→ **Instructions for the task**
Transcribe each record exactly. Omit the pictures.

→ **Excerpted data**

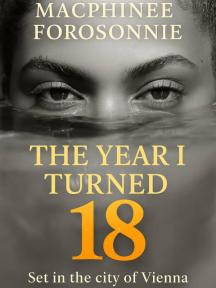 The Year I turned 18 The Year I turned 18 by Macphinee Forsonnie - Book Cover Background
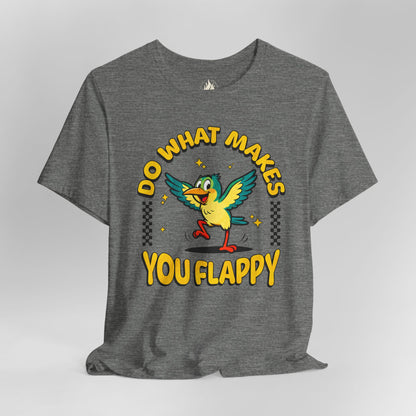 "Do What Makes You Flappy" Unisex Tee | Autism & Neurodiversity Shirt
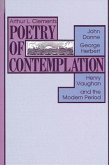 Poetry of Contemplation: John Donne, George Herbert, Henry Vaughan, and the Modern Period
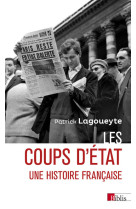 Les coups d'etat - une histoire francaise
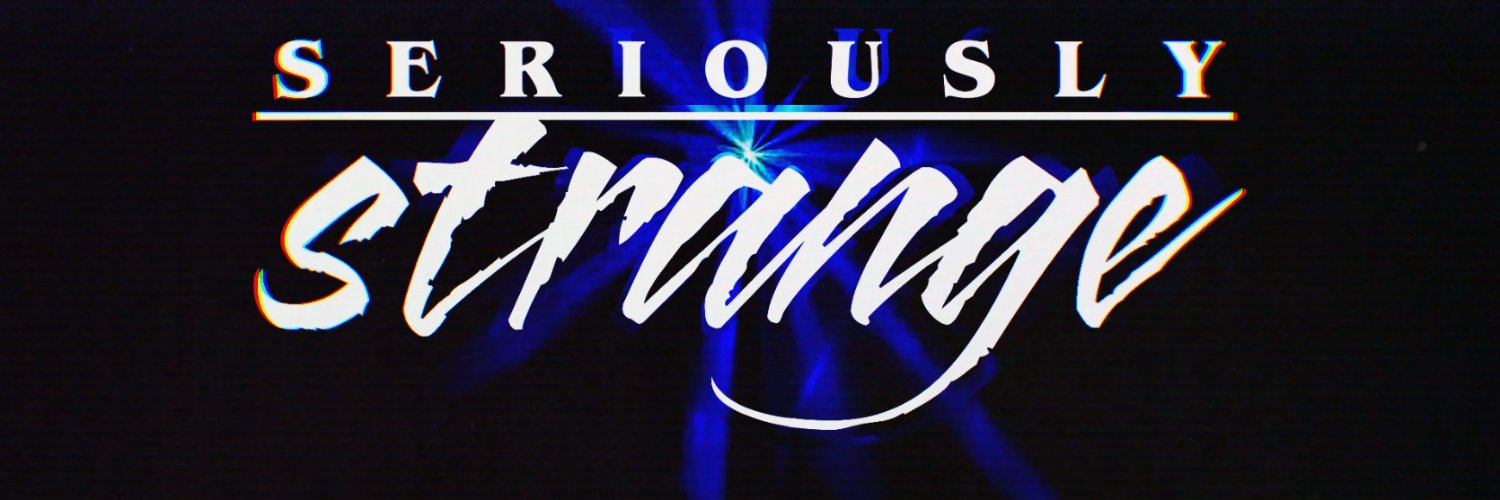 SERIOUSLY STRANGE banner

→ **Written answer**
 The Year I turned 18 The Year I turned 18 by Macphinee Forsonnie - Book Cover Background
 "Do What Makes You Flappy" Unisex Tee | Autism & Neurodiversity Shirt
 Poetry of Contemplation: John Donne, George Herbert, Henry Vaughan, and the Modern Period
 Les coups d'etat - une histoire francaise
 SERIOUSLY STRANGE banner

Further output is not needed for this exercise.